Work order ▸
Return only the lines from the one that contains "Chromosome Structure Prints: Giant" through the last line of the records below, exactly as they stand. Pictures are not part of the copy.

Data under study ▸
________________
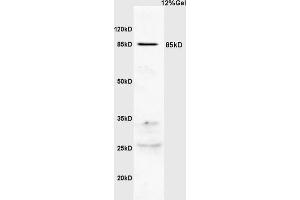 Human colon carcinoma lysates probed with Anti PI 3 Kinase p85 beta Polyclonal Antibody, Unconjugated (ABIN754723) at 1:200 overnight at 4 °C. (PIK3R2 Antikörper)
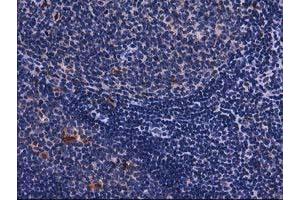 Image no. 1 for anti-Sequestosome 1 (SQSTM1) antibody (ABIN1499987) (SQSTM1 antibody)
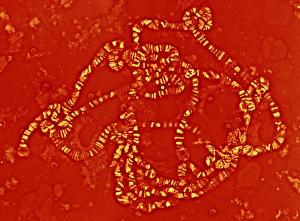 Chromosome Structure Prints: Giant chromosome, light micrograph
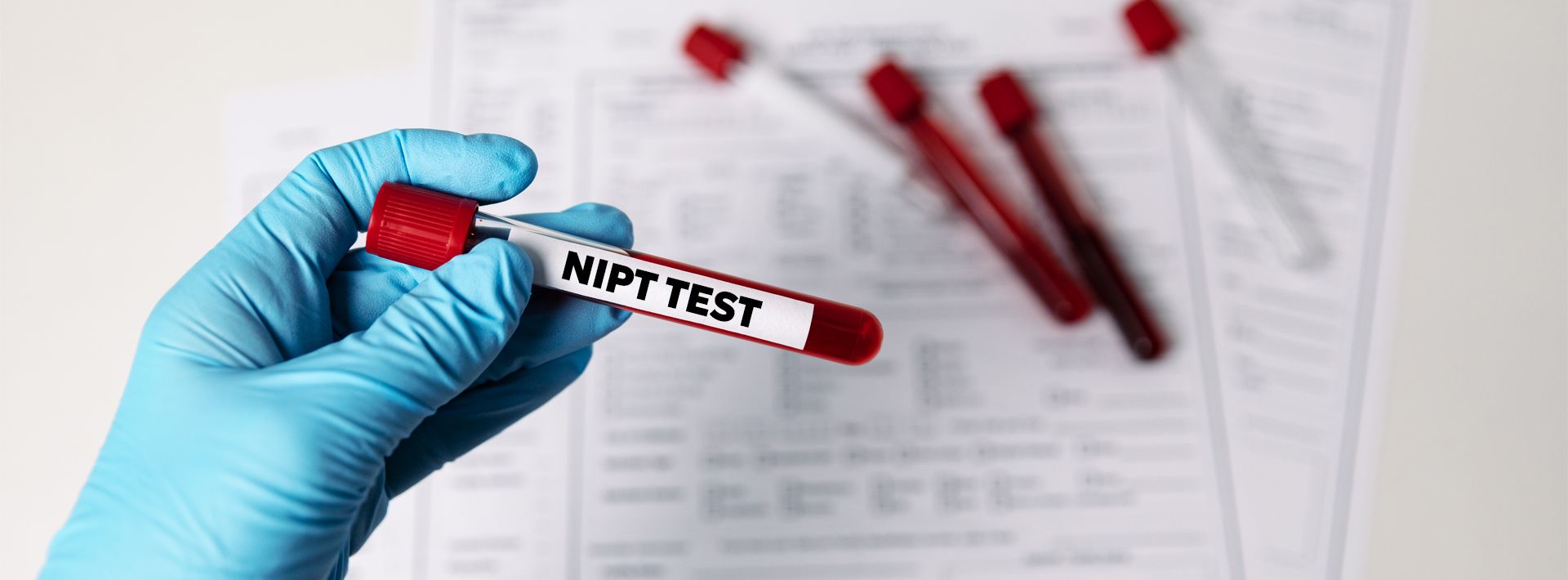 Μη επεμβατικός προγεννητικός έλεγχος (NIPT)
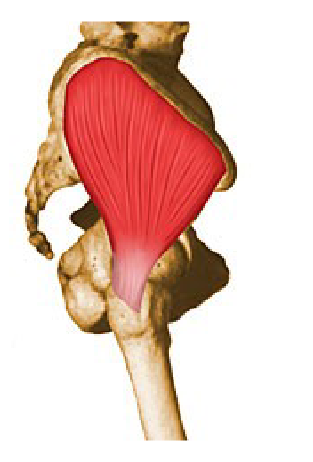 <p>What muscle is this? <br>Name, Origin, Insertion, Action, Exercise </p>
________________
Response ▸
 Chromosome Structure Prints: Giant chromosome, light micrograph
 Μη επεμβατικός προγεννητικός έλεγχος (NIPT)
 <p>What muscle is this? <br>Name, Origin, Insertion, Action, Exercise </p>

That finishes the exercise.